Staatliche Ordnungsgeber als "Kontraktmanager"
Damit die Träger der freien Wohlfahrtspflege ihren gesellschaftlichen Auftrag erfüllen können, sind sie auf förderliche Rahmenbedingungen angewiesen. Sinkende Marktanteile gemeinnütziger Träger im Bereich ambulanter und stationärer Pflege oder auch im Krankenhaus-/Reha-Bereich zeigen, dass gemeinnützige Sozialunternehmen unter einem erheblichen (politisch gewollten) Wettbewerbsdruck stehen. Dazu tragen auch Ausschreibungsverfahren für ausgewählte Sozialleistungen bei. Dem Verhältnis gegenüber den staatlichen Instanzen als Ordnungsgebern und Leistungsträgern kommt bei der Ausgestaltung der
Rahmenbedingungen eine entscheidende Bedeutung zu. Die staatlichen Instanzen müssen als "Kontraktmanager" im Sozialen stärker für die Bedeutung der Caritas und der freien Wohlfahrtspflege insgesamt gewonnen werden. Staatlich-soziales Handeln, privat-gewerbliches soziales Handeln und freigemeinnütziges soziales Handeln sind nicht durchgängig in einem marktordnungspolitischen Gleichgewicht organisiert.

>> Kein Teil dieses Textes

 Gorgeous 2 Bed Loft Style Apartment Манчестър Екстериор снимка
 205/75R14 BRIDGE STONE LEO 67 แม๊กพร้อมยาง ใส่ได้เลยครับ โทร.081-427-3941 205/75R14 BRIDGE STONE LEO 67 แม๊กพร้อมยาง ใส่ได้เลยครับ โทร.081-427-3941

Die Lobbyarbeit weiter ausbauen
Angesichts dieser Bestandsaufnahme sieht die Kommission "Ökonomie der Caritas" zwei notwendige Handlungsstrategien, um ihre Vision zu verwirklichen. So sollten sich zum einen Rechtsträger der Caritas selbst verpflichten, eine Nachhaltigkeitsstrategie zu entwickeln und umzusetzen sowie die Ziele und den Umsetzungsstand nach innen und außen zu kommunizieren (Nachhaltigkeitsberichterstattung). Dies macht sie glaubwürdig und stärkt ihre Marktposition. Im Handlungsfeld "Wirksame Hilfe" kommt dabei einer kostenträgerbezogenen Wirkungsberichterstattung große Bedeutung zu. Gleichzeitig muss die Caritas in ihrer Lobbyarbeit (neue) Bündnisse schließen, um die UN-Nachhaltigkeitsziele zu erreichen. Aktuell passiert dies mit Klimaschutz- und Umweltverbänden. Es gilt auch, sich zusammen mit Gleichgesinnten aus dem gemeinnützigen Sektor für förderliche ordnungspolitische Rahmenbedingungen für gemeinnützige Unternehmen einzusetzen (zum Beispiel Abgabenordnung, Wettbewerbs-/Vergabe-/Beihilfenrecht). Eine Reform der sozialen Marktwirtschaft hin zu einer nachhaltigkeitsfokussierten Volkswirtschaft ist alternativlos. Dabei muss ein nachhaltigkeitsfokussierter, nicht-gewinnausschüttender, wertgebundener Sektor eine wesentlich bedeutendere Rolle bekommen.